For the study, clinicians who had prescribed a VMAT2 inhibitor in the past 24 months were invited to complete a survey and provide charts of 1 to 10 patients with TD for data extraction. The survey asked about TD symptomatology and impact, primary and comorbid psychiatric conditions, and treatment outcomes. Information on patients’ demographics, treatment with a VMAT2 inhibitor, and antipsychotic treatment was extracted from the charts.

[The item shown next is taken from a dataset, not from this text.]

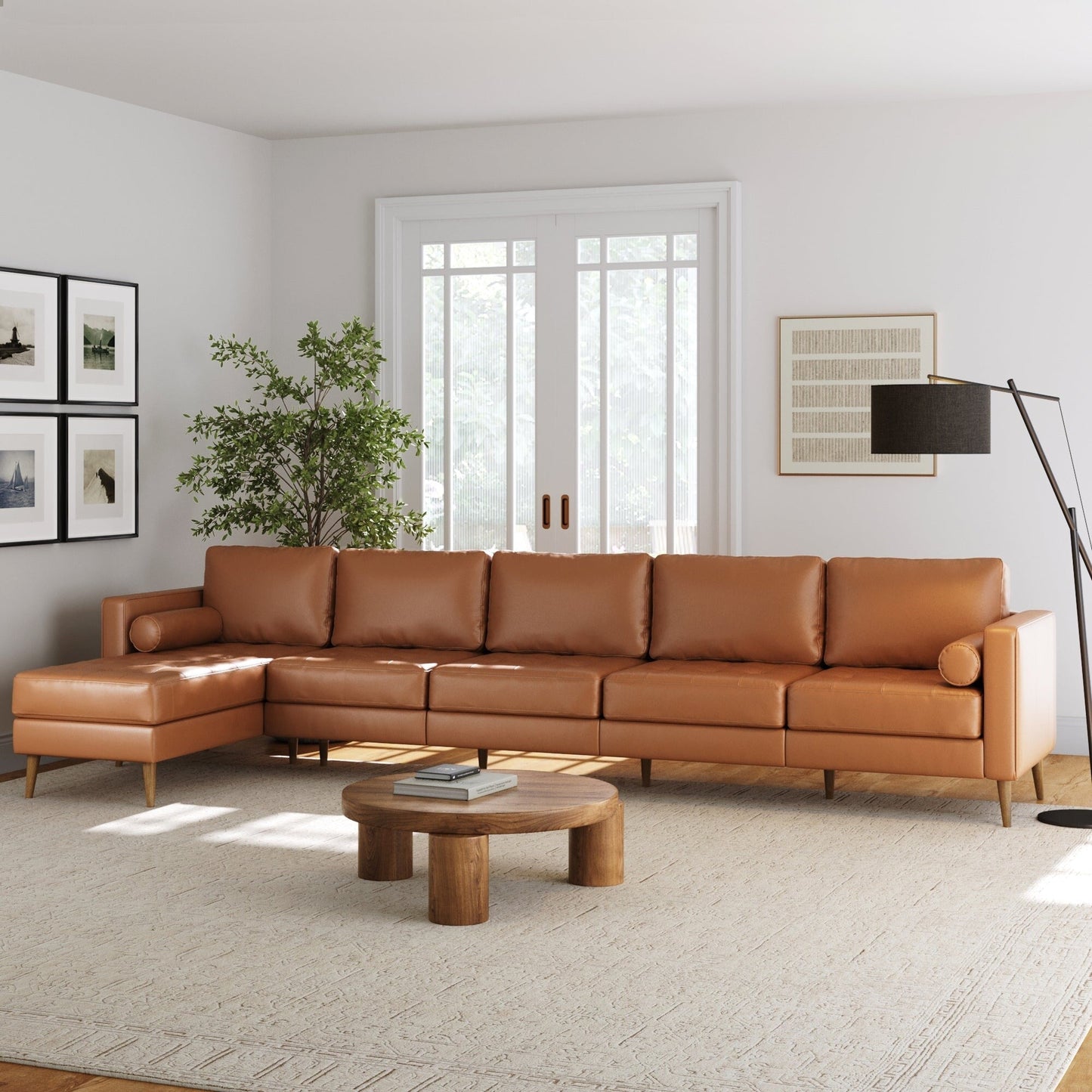 Divano Breeze Mid Century Modern, divano in pelle con cuscino trapuntato e struttura in legno massello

Clinicians reported data on 601 adults with TD. Of the 163 responding clinicians, 113 were psychiatrists, 46 were neurologists, and 4 were primary care physicians. Half of the patients were male and the mean age of the patients was 50.6 years. They were taking antipsychotics for schizophrenia (32%), bipolar disorder (29%), schizoaffective disorder (23%), and/or major depressive disorder (11%). About two-thirds of the patients had a psychiatric comorbidity, such as anxiety (33%), depressive symptoms (28%), or substance abuse (18%).
Improvement in TD symptoms was reported in 540 patients (90%), and most of them had functional improvements in 1 or more area. Among those patients, 374 (69%) had “much” or “significant” improvement in their psychiatric condition.

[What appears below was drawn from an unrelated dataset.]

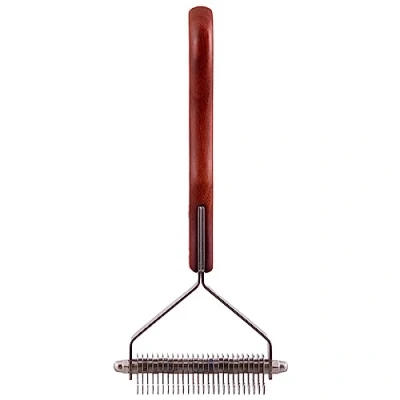 Image of Dezynadog Dematting Coat Rake Deshedding Brush for Dogs Undercoat &amp; Detangling Hair Stripping Suitable Various Types, Wide 26 Tooth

“In this real-world sample of patients, treatment with a VMAT 2 inhibitor improved TD symptoms and TD-related outcomes. These improvements also appeared to be associated with better psychiatric status,” researchers wrote. “Clinicians/payers/professional organizations should consider symptom impact and treatment outcomes when evaluating TD therapies.”
The study abstract was to be presented at the 2020 American Academy of Neurology (AAN) annual meeting, which was canceled.
Lundt L, Franey E, Yonan C. Chart extraction/clinician survey shows symptom impact and favorable treatment outcomes with VMAT2 inhibitors in patients with tardive dyskinesia. Neurology. 2020; 94 (15 Supplement): 14.